There might be automated ways to do it -- massive database crunches to
see who wrote one in an existing article, whether they were under the
new scheme, what exactly would need to be rewritten/removed/whatever.
But that's a little out of my league, technically speaking -- I don't
know if it is feasible in terms of processing power, the amount of
time it would take to code the whole thing, etc. (it probably isn't).
It'd be hard enough to do even if it wasn't for the fact that there
are certain pieces of text that are copied from one article to another
(and even a few bits that are copied from outside GFDL sources). At
the least you'd have to analyse the sentences to try to figure out
which parts are copies from the same source.
If you're going to go through all that effort, might as well parse the
actual text itself. Now I know this type of natural language
processing is always touted as not being very far away, but personally
I feel the technology is probably already there (between academia and
the search engines, especially the "answers engines"). It's just a
matter of applying the technology (along with some hints as to the
wiki syntax). And the wiki syntax as well as the edit history only
serve to make this parsing easier. So if you're going to go
automated, that's the way I'd go (hell, if I ever manage to get out of
my 9-5 job that's the way I *will* go).
The first
approach is of course viable. At the very worst it could be
done with the same amount of time it took to create the current
version. But in practice it'd be easier. Plus, you could fact check
and reference while you're at it.
I imagine it would take a lot less time -- the number of editors has
grown dramatically since then, so hypothetically there are already
huge resources available. Hypothetically.
FF
Yeah, I really should have used the word "effort" instead of "time".

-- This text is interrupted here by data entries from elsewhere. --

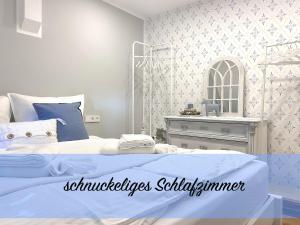 a bedroom with a bed and a dresser and a mirror at Customflats Erfurt - Tiefgarage - frisch renoviert in Erfurt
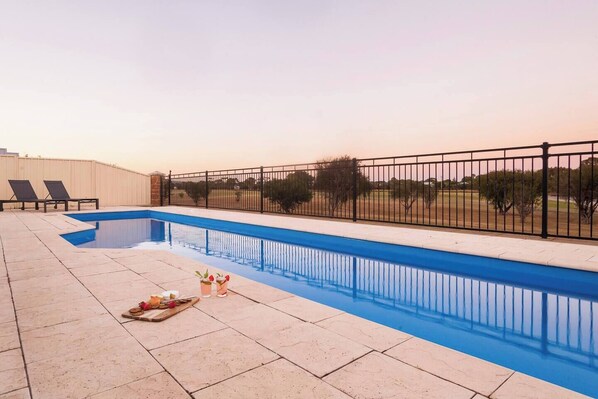 Take a refreshing dip in the sparkling pool while soaking in uninterrupted views of the golf course. 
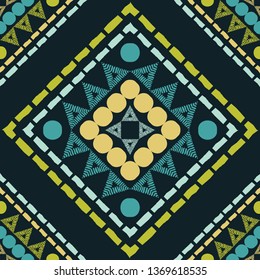 Ethnic boho seamless pattern. Embroidery on fabric. Patchwork texture. Weaving. Traditional ornament. Tribal pattern. Folk motif. Can be used for wallpaper, textile, invitation card, wrapping, web.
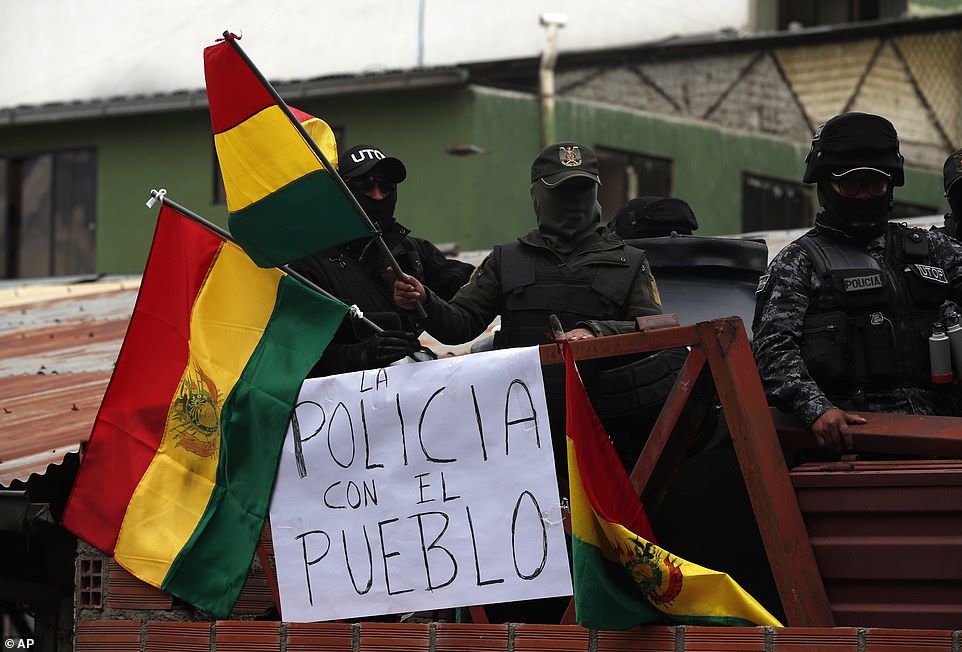 Police against the reelection of President Evo Morales stand on the rooftop of a police station waving national flags near a sign with a message that reads in Spanish: 'The police is with the people', just meters away from the presidential palace, in La Paz, Bolivia, today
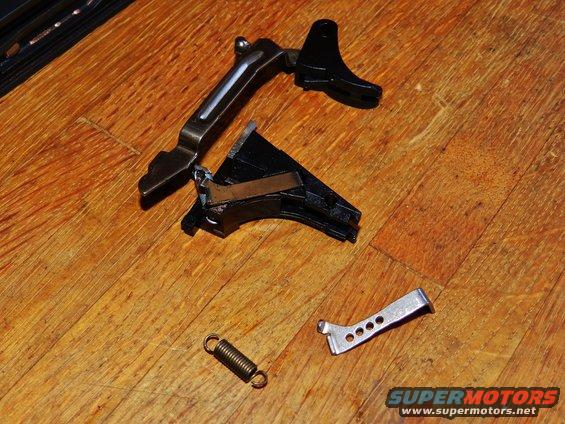 Gun trigger assembly parts and spring on wooden floor. Includes metal and black plastic components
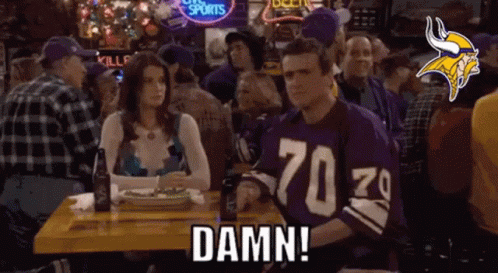 Man In Vikings Jersey Sitting With Woman And Beer GIF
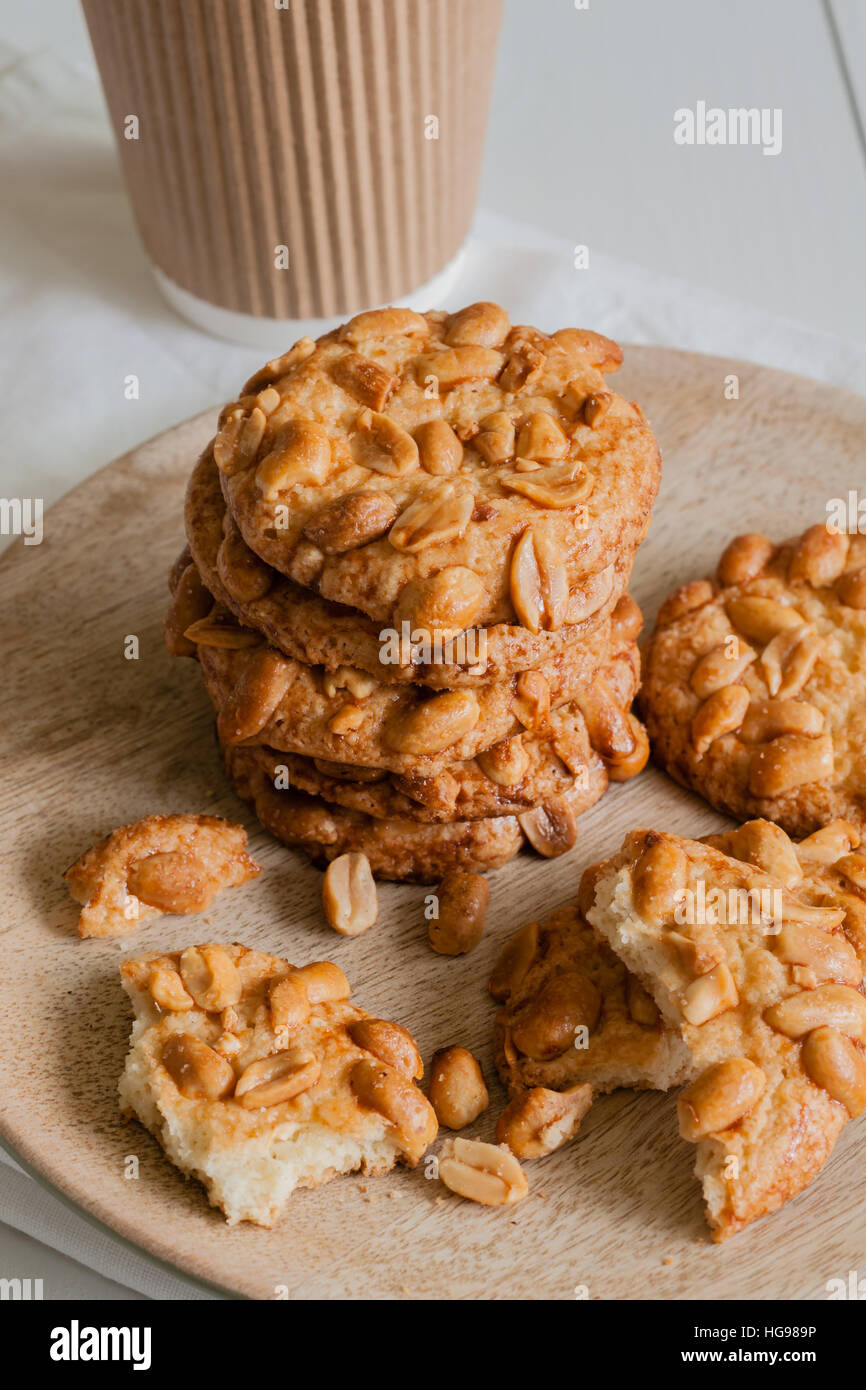 Salted crunchy peanut cookies freshly baked with crumbs and pieces on a
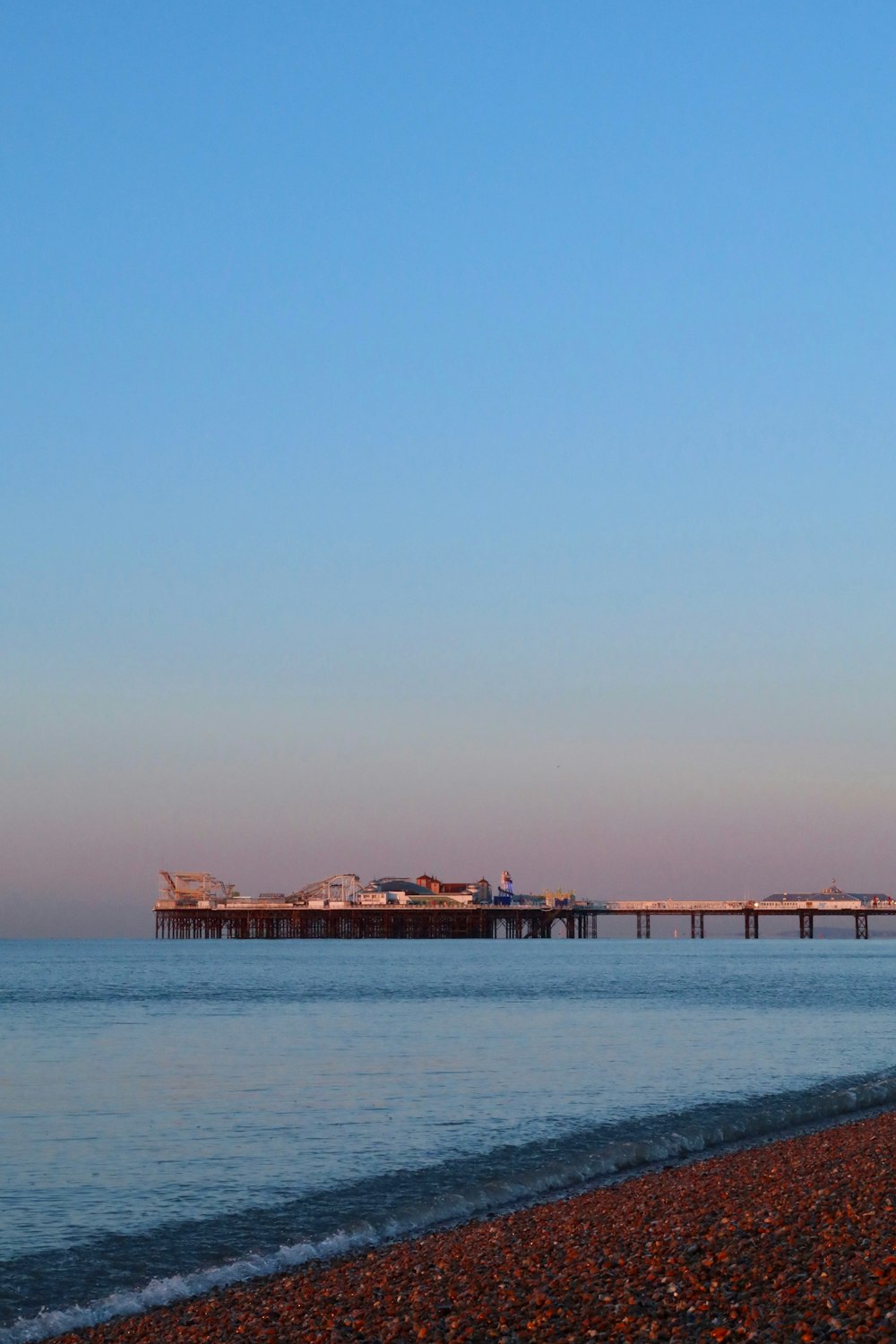 a beach with a pier in the distance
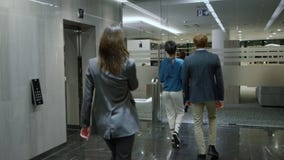 Business people exiting lift car in corridor. Businessman hurry for meeting
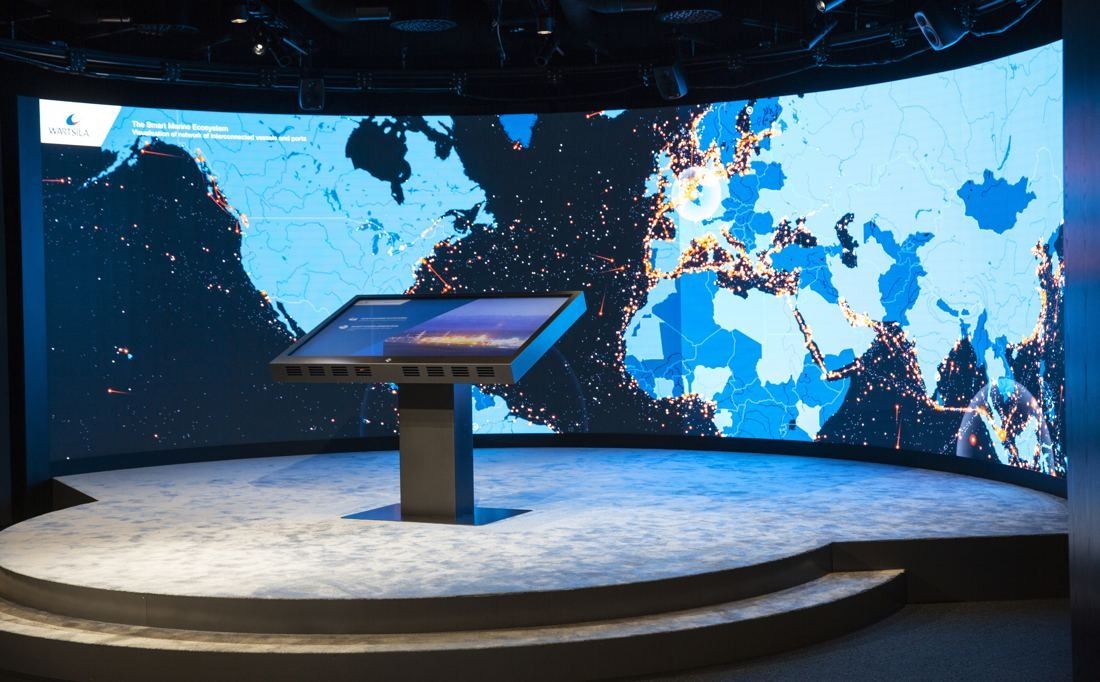 Wärtsilä: Dark room with a curved wall-size screen showing a world map and a touchscreen stand on a round platform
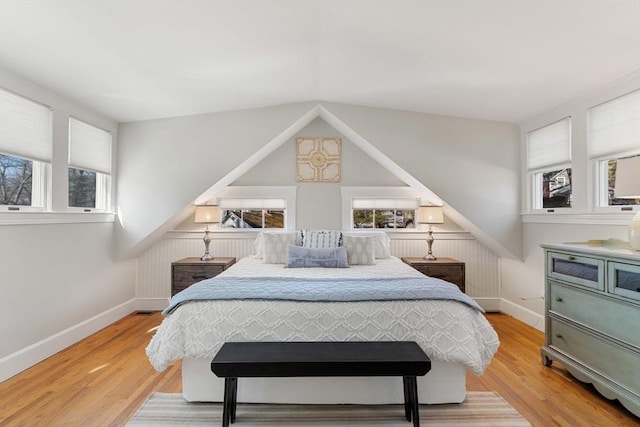 bedroom with multiple windows, baseboards, and wood finished floors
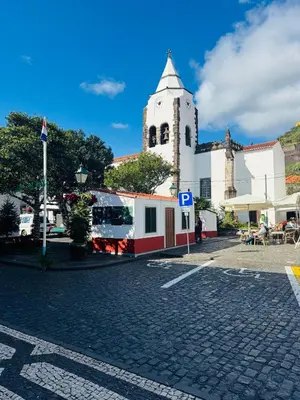 a shadow of a park with red benches on a sidewalk at Residencial Santo António in Santa Cruz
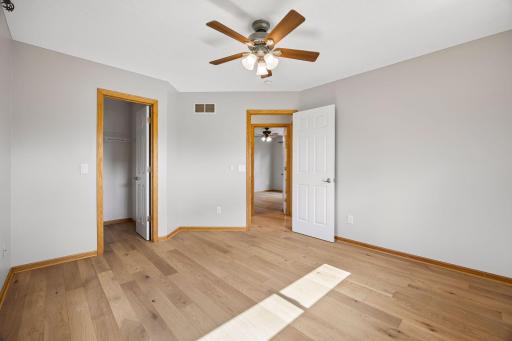 The upper level bedroom. There are a total of four - one being the primary bedroom. These rooms have all been freshly painted with a beautiful neutral color.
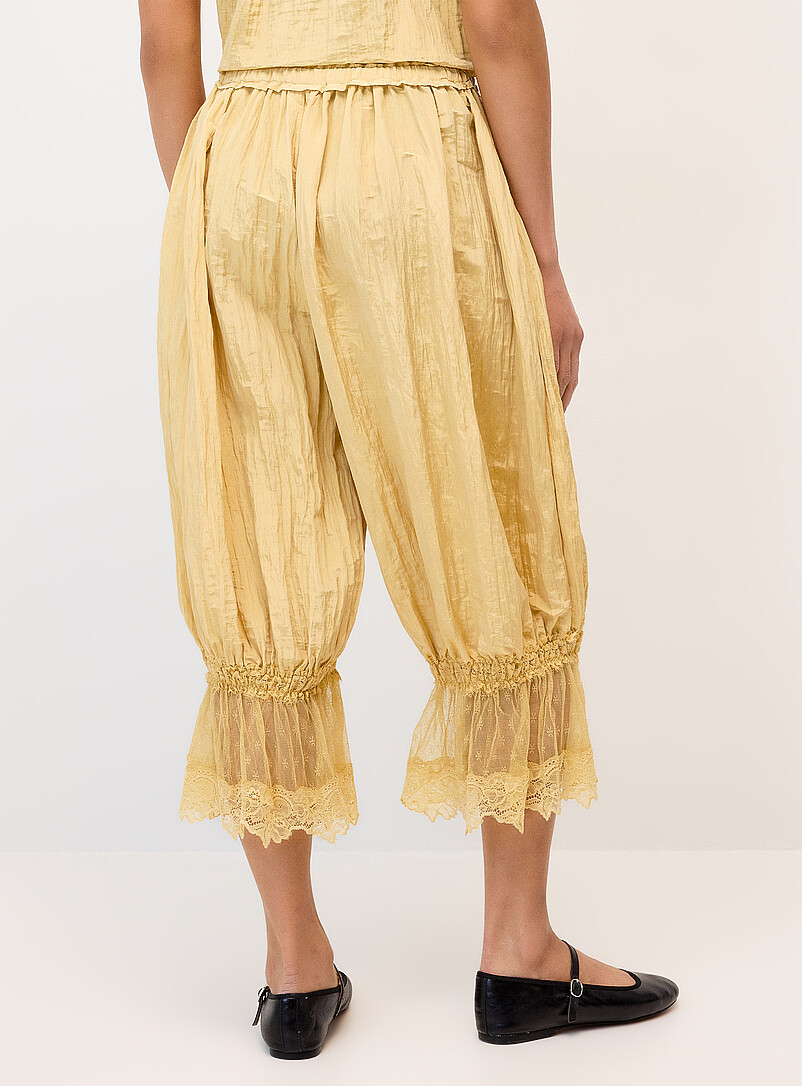 Twik: Le pantalon <i>bloomer</i> satin&eacute; effet froiss&eacute; Jaune pour femme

It's a highly scalable process, double the volunteers pretty much
means half the time. But I doubt there are enough volunteers willing
to put in the effort, just to escape the GFDL. The GFDL just doesn't
matter that much to most people. If a rewrite of Wikipedia is going
to happen (and personally I feel it's inevitable), it'll probably come
from the private industry.
Google could probably do it with no problem, but they're probably not
really that interested. Answers Corporation, though - they in a sense
are already doing it to some extent (they added original content
called AnswerNotes a while ago). And their recent purchase of
Brainboost gives them the natural language technology to do it a lot
better.
Of course that's kind of off-topic, because Answers Corporation almost
surely isn't going to release its original content under a free
license.
Anthony